1:23). Indeed, many Jesus-Superman
parallels exist within S1 and S2 because both films were planned,
scripted and partially shot back-to-back.
David Bruce considered the infant Kal-El (Lee Quigley) to be the only begotten
son of Jor-El (Marlon Brando), thus forming the second member of the Holy
trinity (Matt. 28:19). Kal-El was the son
of Jor-El just as Jesus was "the Son of God" (Mark 1:1; Heb. 10:29; 1 John
4:15). Indeed, in Superman II
(hereafter S2), Lex Luthor (Gene
Hackman) described Superman (Christopher Reeve) as "the son of Jor El" thereby
mimicking the biblical form.
The need for a deliverer "is expressed in the biblical messianic hope that God
would send his Messiah in the form of a single human being, a person just like
us, who could speak to us and show us, through human words and deeds, the way to the
truth and the life." Superman was the
fictional, secular equivalent of that sacred hope.
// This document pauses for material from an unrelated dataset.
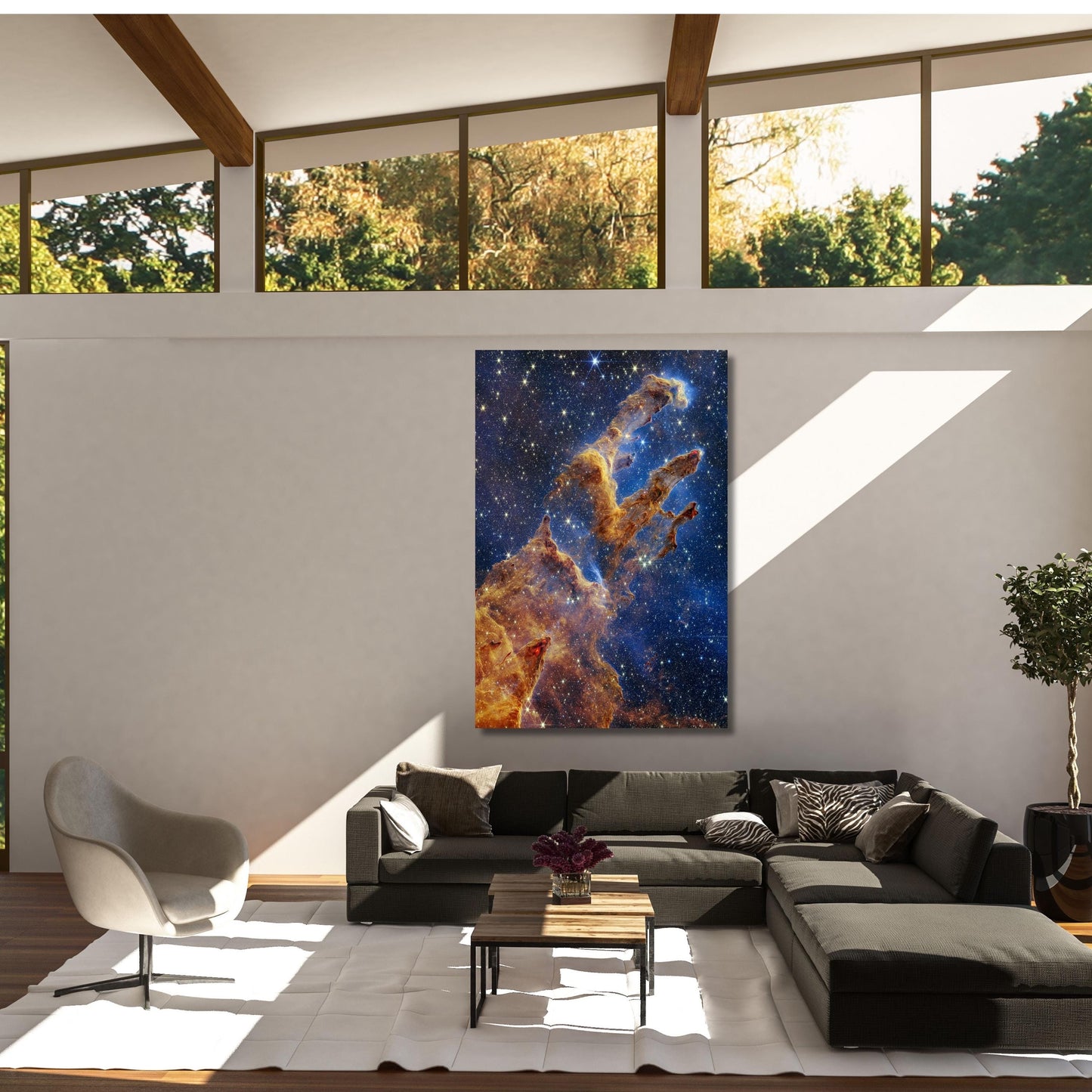 Pillars Of Creation Canvas Wall Art, NASA First Image Trendy Canvas Wall Art Carina Nebula NASA Deep Field Poster Space Landscape Wall Art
Thirty years of age is when Jesus started his messianic mission (Luke 3:23)
having "increased in wisdom and stature, and in favour with God and man" (Luke
2:52). Clark Kent walked into the Fortress of Solitude as a physically fit but
troubled eighteen-year-old teenager. Twelve years later, at age thirty, Superman
flew out with "a clear idea of his messianic mission to battle evil and save
Earth from its own foolishness."
Superman's age was not specifically mentioned in S1, in fact, it was deliberately avoided
to protect his identity. One had to calculate it (18+12=30), but in the various
screen tests attached to the special edition of S1, Superman clearly stated that he was
thirty-years-old, thus leaving no numerical doubt of his Christic nature.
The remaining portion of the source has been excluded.